## WHAT YOU ARE ASKED TO DO:
From the line containing "Misakicos Onlyfans Photo Gallery" down to the line containing "Leslie's Walter Baker bag Leslie's", copy out the entries below exactly, both lines included, and nothing else; pictures do not belong in the copy.

## DATASET EXTRACT:
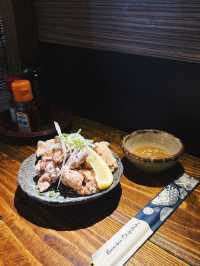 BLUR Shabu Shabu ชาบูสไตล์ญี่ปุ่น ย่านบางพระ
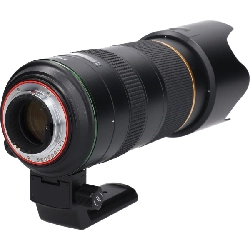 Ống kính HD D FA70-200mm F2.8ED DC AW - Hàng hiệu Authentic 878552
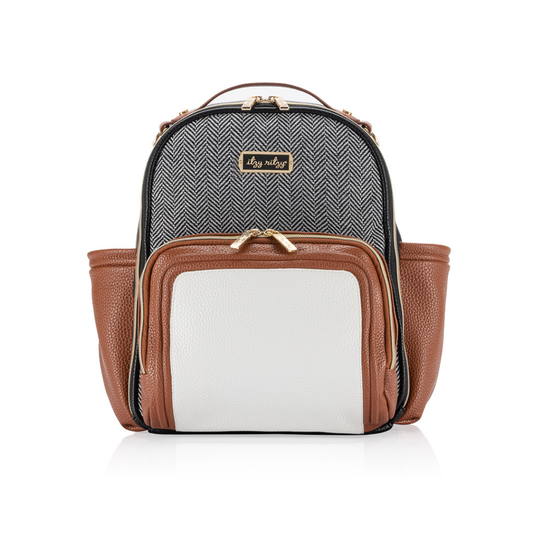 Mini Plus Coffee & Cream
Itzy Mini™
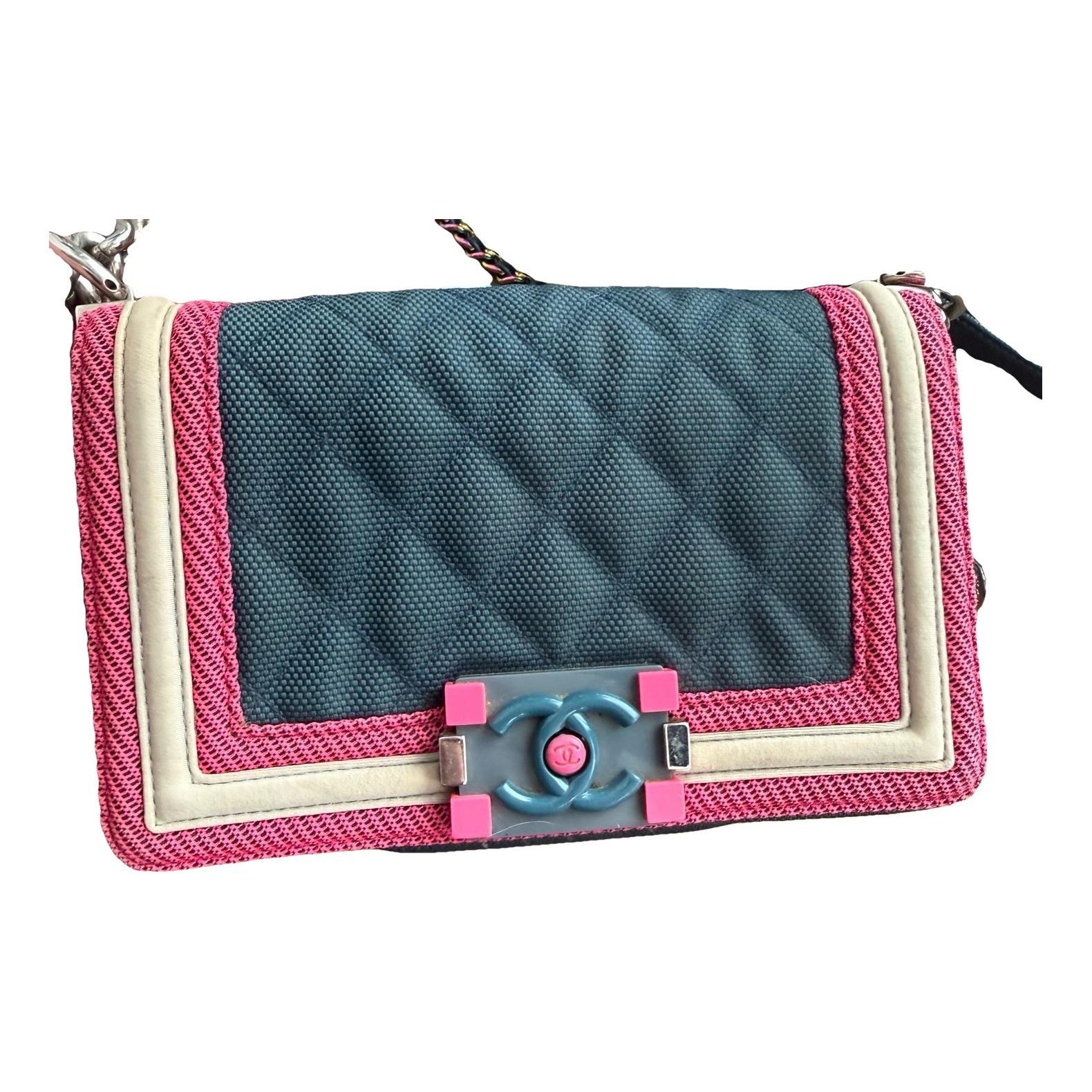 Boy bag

--

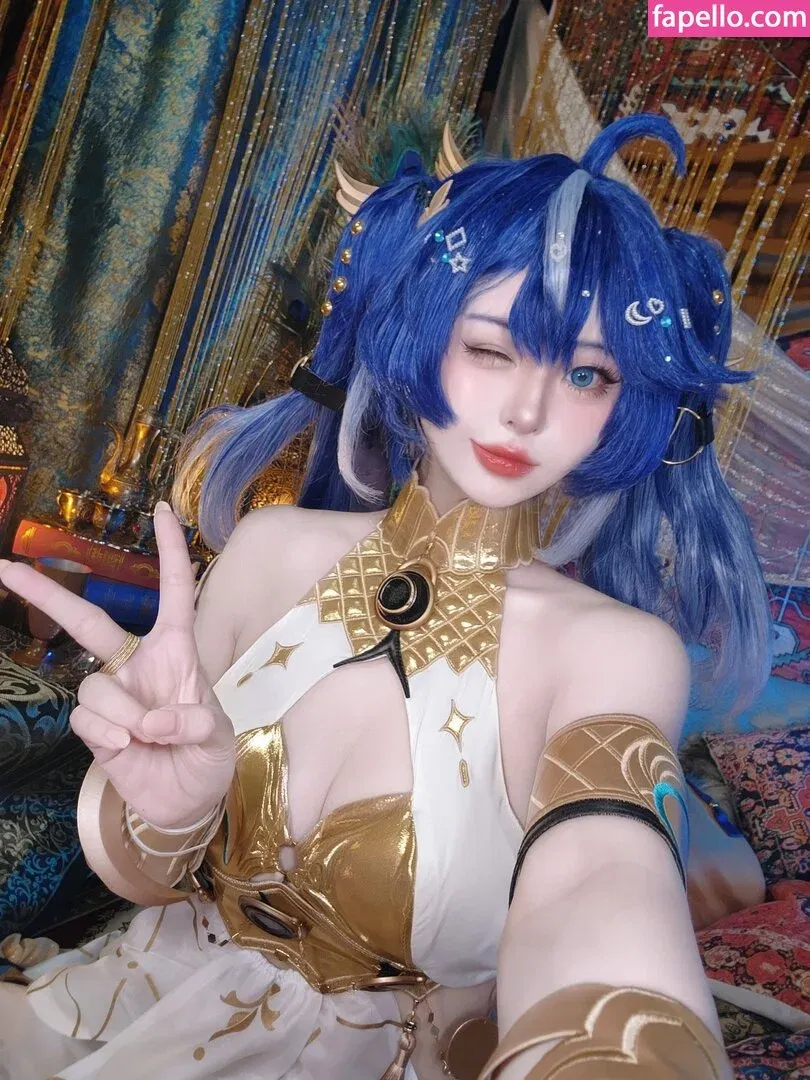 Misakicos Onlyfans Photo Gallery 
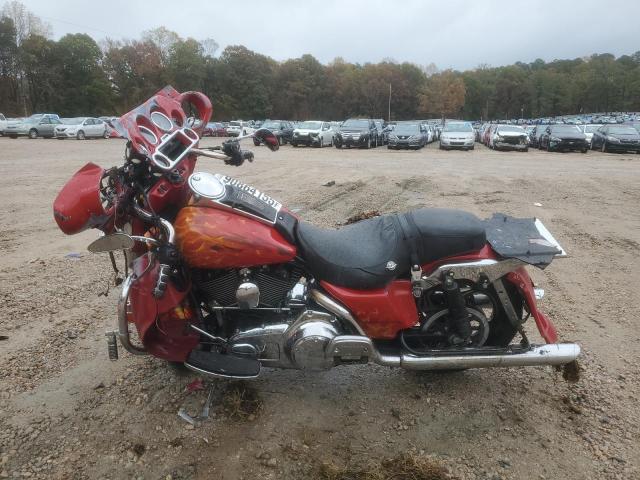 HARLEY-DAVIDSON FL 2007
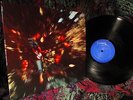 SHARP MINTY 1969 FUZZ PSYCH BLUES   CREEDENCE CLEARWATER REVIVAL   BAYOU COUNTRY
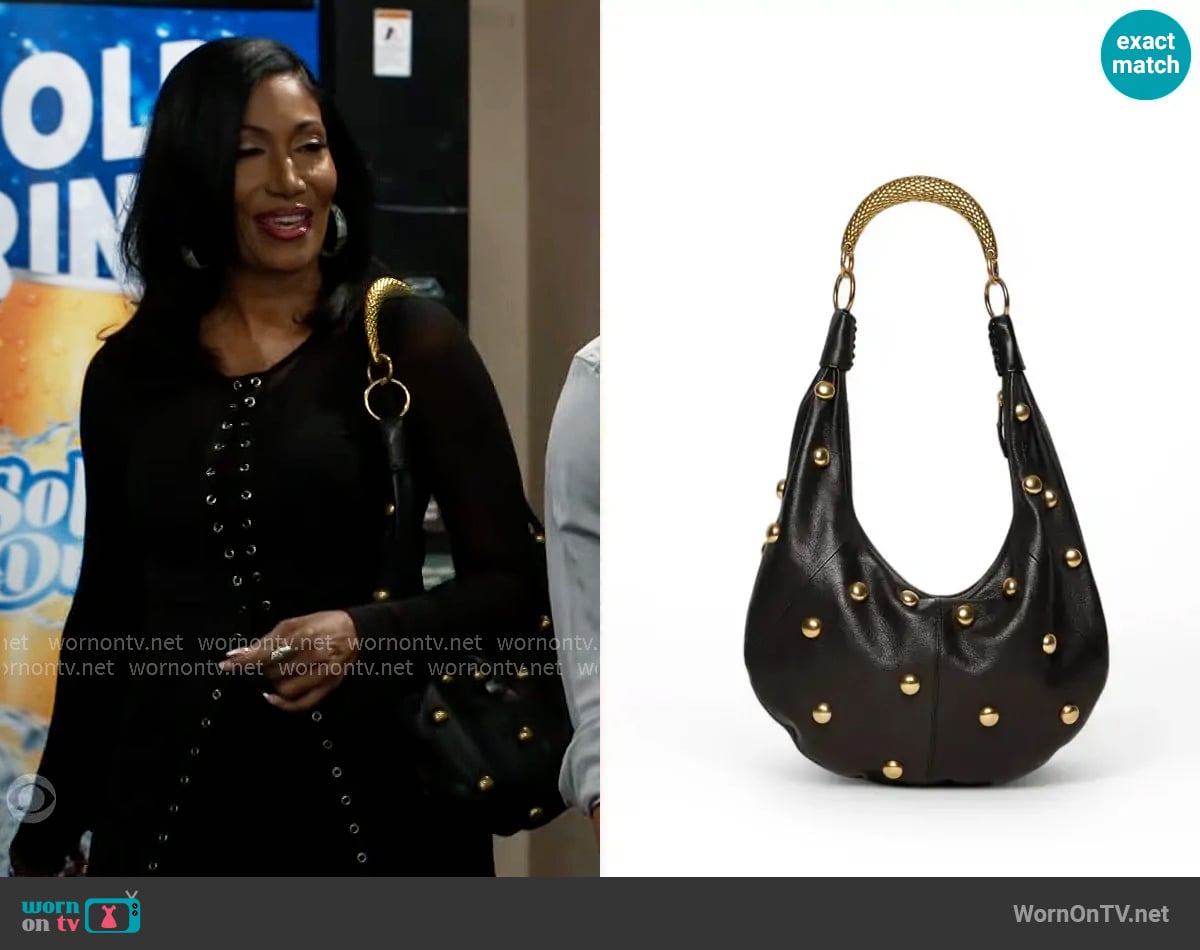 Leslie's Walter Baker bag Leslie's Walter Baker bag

## EXERCISE OUTPUT:
 Misakicos Onlyfans Photo Gallery 
 HARLEY-DAVIDSON FL 2007
 SHARP MINTY 1969 FUZZ PSYCH BLUES   CREEDENCE CLEARWATER REVIVAL   BAYOU COUNTRY
 Leslie's Walter Baker bag Leslie's Walter Baker bag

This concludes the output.